# Data Collection (OMDb + Box Office)

We'll add text and stuff later.

## 1. Setup

In [33]:
import os
import json
import pandas as pd
import requests
import time
import math
import re
import warnings

# ignores annoying warnings
warnings.filterwarnings(
    "ignore",
    message=".*apply operated on the grouping columns.*",
    category=DeprecationWarning
)

base_dir = os.getcwd()
# obdb paths
json_path = os.path.join(base_dir, "..", "data_collection", "omdb_data.json")
csv_output_path = os.path.join(base_dir, "..", "data_collection", "omdb_cleaned.csv")
# kaggle metadata path
metadata_path = os.path.join(base_dir, "..", "data_collection", "Kaggle The Movies Dataset", "movies_metadata.csv")
# master movie list parth
movie_list_path = os.path.join(base_dir, "..", "data_collection", "movie_list.txt")
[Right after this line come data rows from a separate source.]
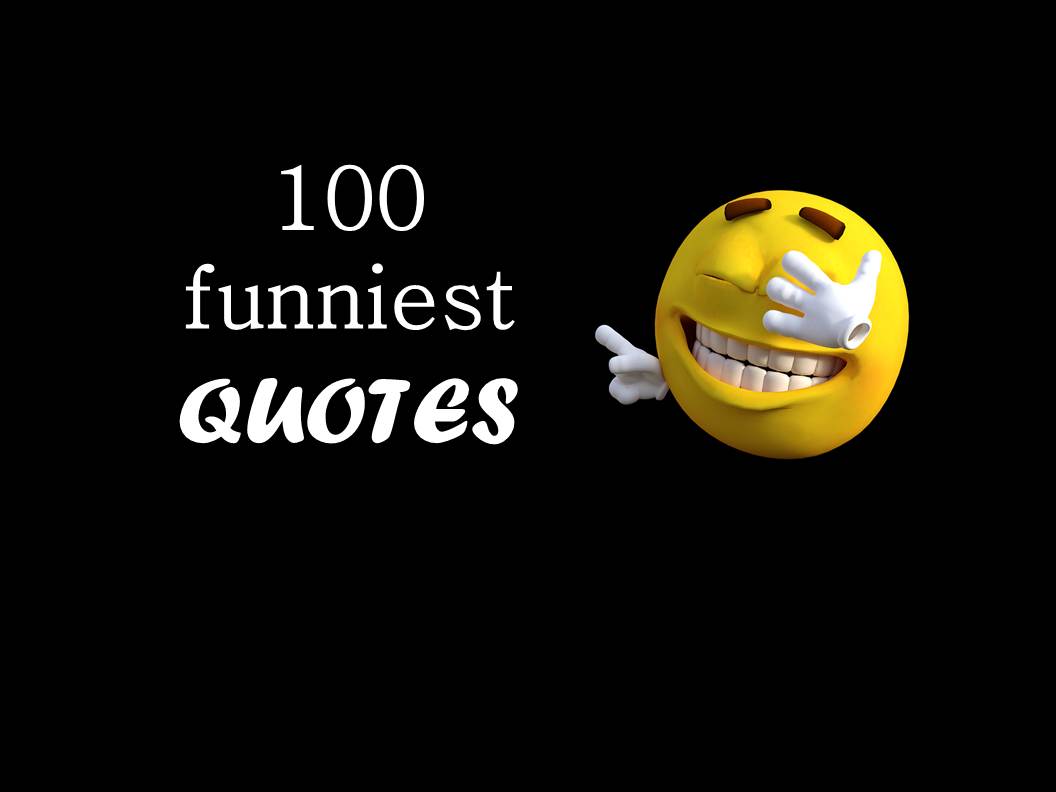 100 Funniest Quotes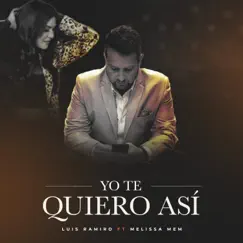 Yo Te Quiero Así (feat. Melissa Mem) - Single by Luis Ramiro album reviews, ratings, credits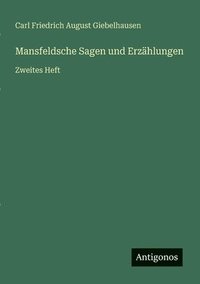 bokomslag Mansfeldsche Sagen und Erzählungen: Zweites Heft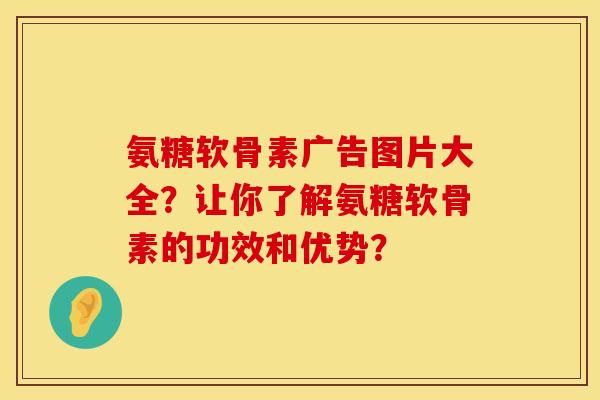 氨糖软骨素广告图片大全？让你了解氨糖软骨素的功效和优势？
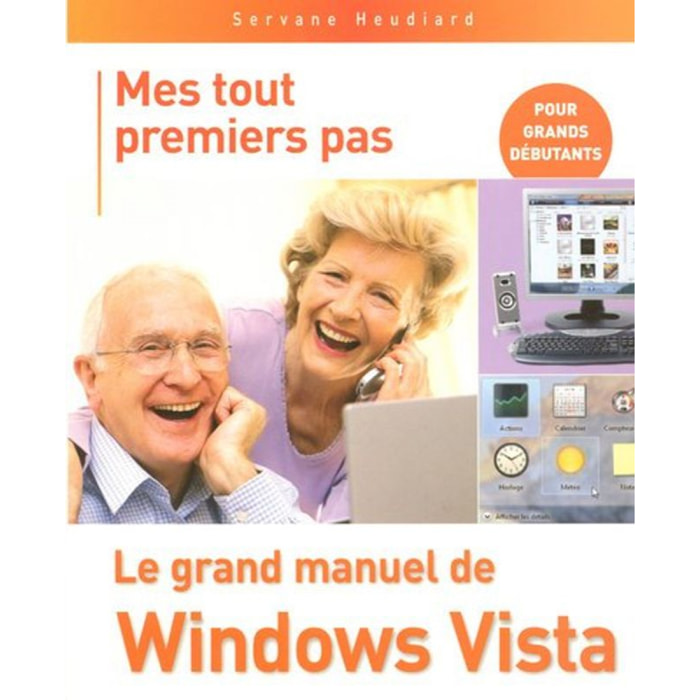 HEUDIARD, SERVANE | Mes tout premiers pas : Le grand manuel de Windows Vista | Livre d'occasion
## 2. Building Master Movie List

description of this section, our idea and an advantage of this approach

### 2.1 Load, clean & derive

what we do

In [34]:
df = pd.read_csv(metadata_path, low_memory=False)
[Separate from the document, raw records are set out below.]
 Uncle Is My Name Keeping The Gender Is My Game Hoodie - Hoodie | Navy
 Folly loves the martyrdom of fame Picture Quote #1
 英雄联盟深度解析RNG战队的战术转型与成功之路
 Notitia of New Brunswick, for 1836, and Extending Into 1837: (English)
df = df.dropna(subset=["budget", "release_date"])
df["budget"] = pd.to_numeric(df["budget"], errors="coerce")
df["year"]   = pd.to_datetime(df["release_date"], errors="coerce").dt.year
df = df[df["year"].between(1974, 2024)]  # 50 years span

### 2.2 Budget tiers

why we make tiers

In [35]:
df["decade"]  = (df["year"] // 10) * 10
df["budget_m"] = df["budget"] / 1000000

budget_bins  = [0, 5, 20, 100, df["budget_m"].max()+1]
budget_labels= ["<5M", "5–20M", "20–100M", ">100M"]
df["budget_tier"] = pd.cut(df["budget_m"], bins=budget_bins, labels=budget_labels)

n_decades = df["decade"].nunique()
n_tiers   = df["budget_tier"].nunique()
total_cells = n_decades * n_tiers

N_PER_CELL = math.ceil(5000 / total_cells)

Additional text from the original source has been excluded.